Finding Community and Belonging with AAUW
When I started as a transfer student at Lock Haven University in the fall of 2014, it had been three years since I was in a classroom, one year since I had my daughter, and I was about to turn 22. I was ready to be back in school and determined to do my very best, but I was also nervous and lacking in self-confidence.
Having been out of the college environment for so long, a big challenge was that I felt old and was sure no one was going to want to hang out with me now that I was a mom. In an effort to meet new friends and make the most of my back-to-school experience, I looked for ways to become involved on campus. I joined a couple of groups but quickly fell head over heels for the newly created AAUW student organization on campus. It was a match made in feminist heaven.
Stepping Into Leadership
When I met the student organization’s faculty advisers that fall, I learned that they were in need of officers committed to getting the organization off the ground. The chance to help build a new group? Step into a leadership position? Work closely with students who are passionate about social equality? Those sounded like things that would help me find my niche on campus. I volunteered for the secretary position and soon began working with the four other officers.

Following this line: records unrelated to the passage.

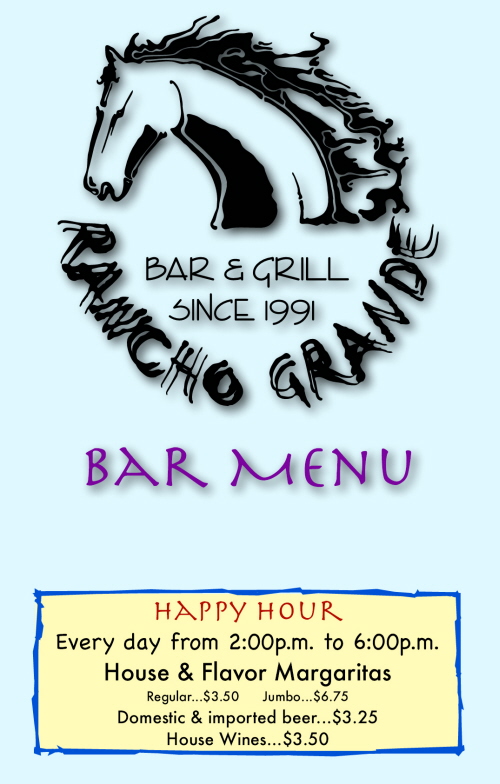 Menus Of Texas - Rancho Grande Bar & Grill - Bar Menu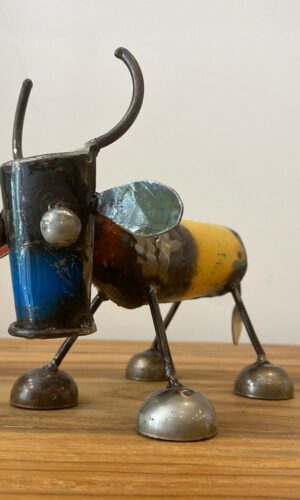 sculpture vache métal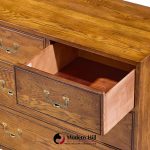 Henredon Campaign Mid Century Oak and Brass Lowboy Dresser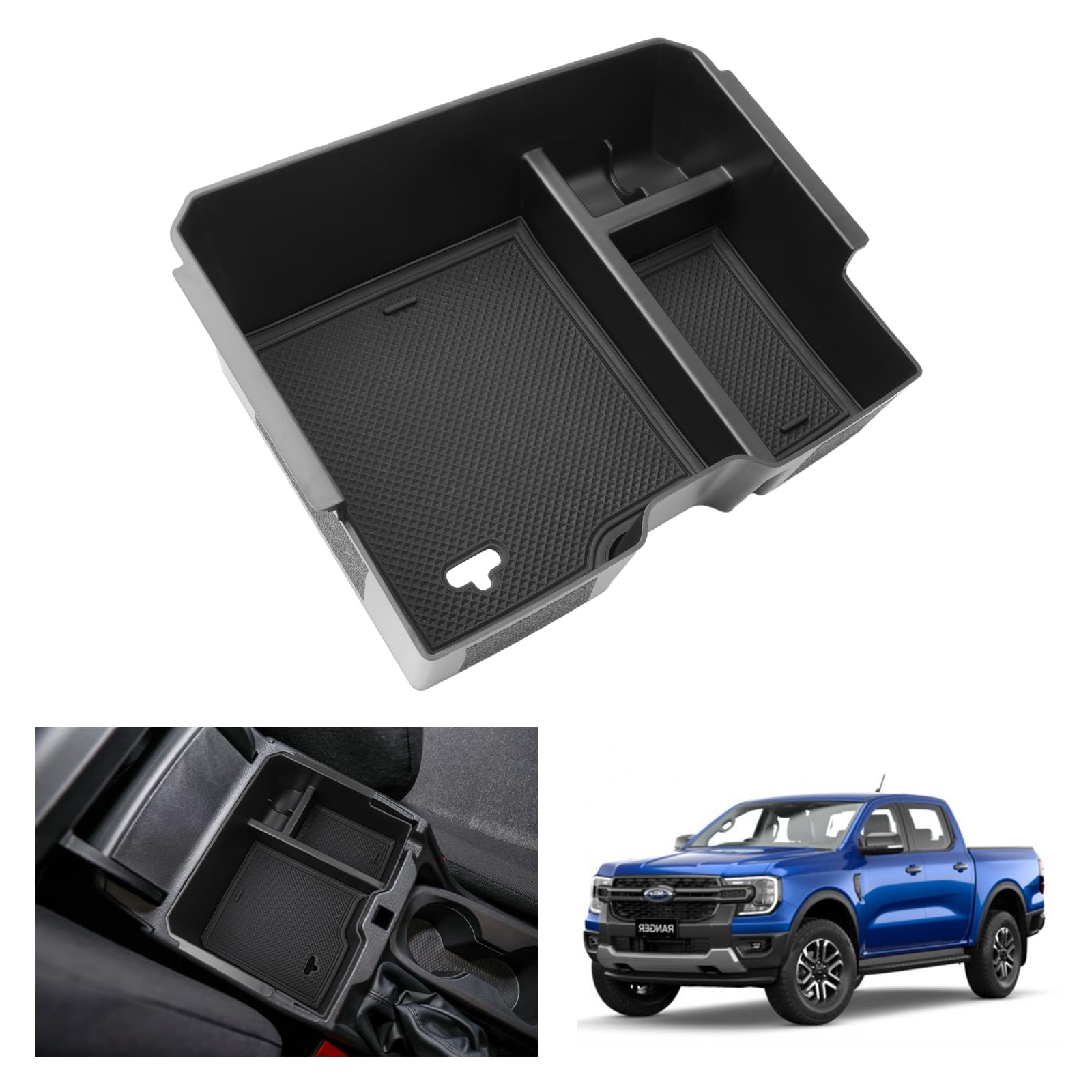 GAFAT Kompatybilny z Ford Ranger T9 2023 2024 2025 Konsola Środkowa Pudełko do Przechowywania, Ranger T9 Raptor Wildtrak XLT Organizer na Rękawiczki, Ranger 2024 Akcesoria (Ręczny Hamulec)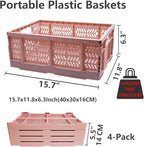 20L Foldable Crates, 4Pack Plastic Baskets for Home and Office,Plastic Folding baskets,Collapsible Crates for Chrismas Gifts,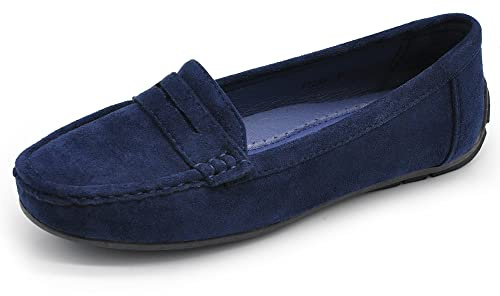 IF Fashion Chaussures Mocassins Slip On Loafers Souples Femme avec Strass et Pierres Daim Velours FT245, 39 EU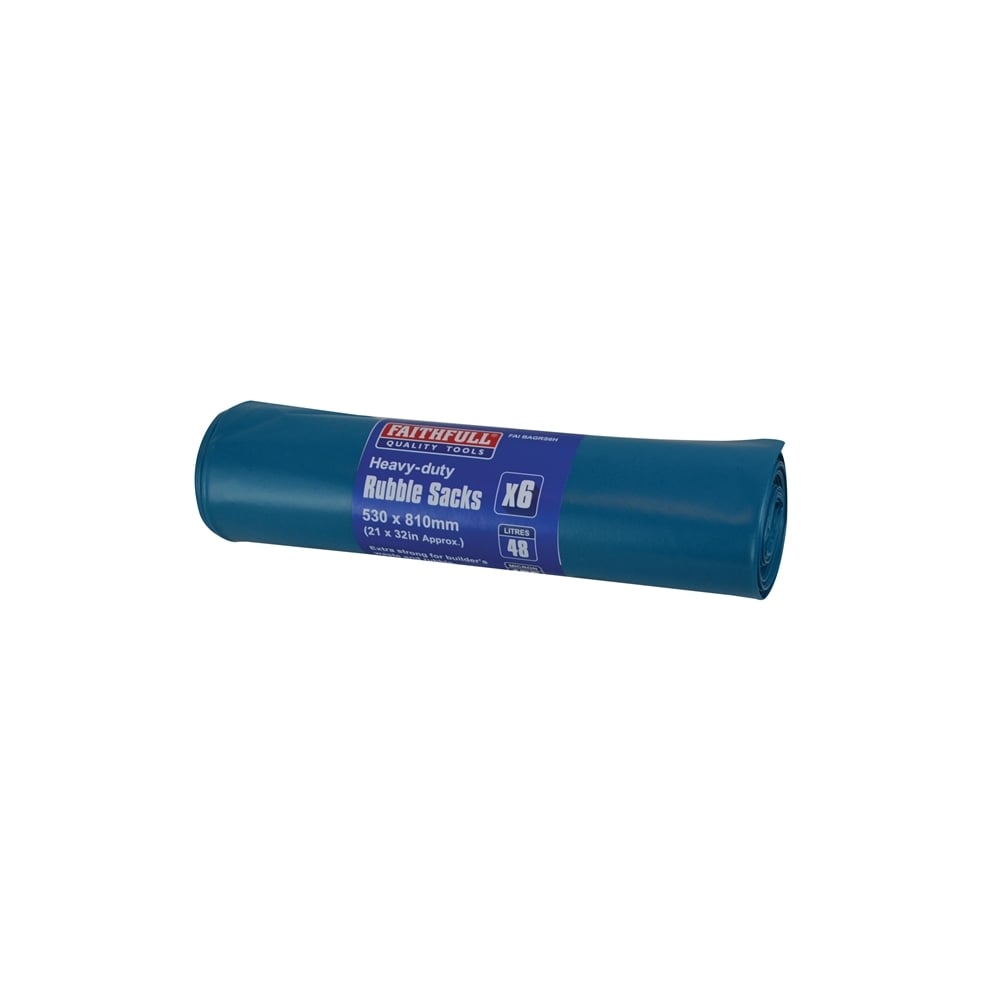 Faithfull Blue Heavy-Duty Rubble Sacks (6)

While we found our footing as a new organization that first year, we focused on recruitment and drew a lot of interest. I looked forward to every gathering and meeting that brought new faces, and at the end of the year, our strong membership and campus programming efforts paid off when we received a healthy budget from the student activities council. It was truly a great first year as an official campus organization, but it really only marked the beginning of my journey with AAUW.
In Good Company
Because of an AAUW national scholarship that I received, I was able to go to the National Conference for College Student Leaders (NCCWSL) in May 2015. At NCCWSL, I met members of the 2014–15 National Student Advisory Council (SAC) who encouraged me to apply to serve on this year’s council. NCCWSL was a game changer for me; all of the conference activities left me feeling inspired, and as I drove away from the University of Maryland, College Park, I was practically bouncing out of my seat, full of new ideas. I also left NCCWSL with an overwhelming feeling of peace, because I had found my niche. I had found a group of people, a group much larger than I had even hoped for, that sees the world like I do. In each person I met that weekend, I saw optimists, fighters, intellectuals, artists, thinkers, and doers. And I was so happy to call myself one of them.

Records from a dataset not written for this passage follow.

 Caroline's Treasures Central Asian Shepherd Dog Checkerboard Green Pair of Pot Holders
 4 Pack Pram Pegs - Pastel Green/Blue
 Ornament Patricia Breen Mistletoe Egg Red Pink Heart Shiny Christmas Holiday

These AAUW leadership positions have given me entry into two great communities. The first is my home community at Lock Haven University where, thanks to my AAUW student affiliation, I have been able to work with incredible local advocates for gender equality. The second is my AAUW national community. Serving on the 2015–16 SAC has provided me with new friends from around the country who inspire me with their plans for activism and leadership, and push me and my own goals even further. The sense of community that I’ve found with AAUW has helped me to grow as a leader, stay motivated as a student, and, ultimately, find my place in this world.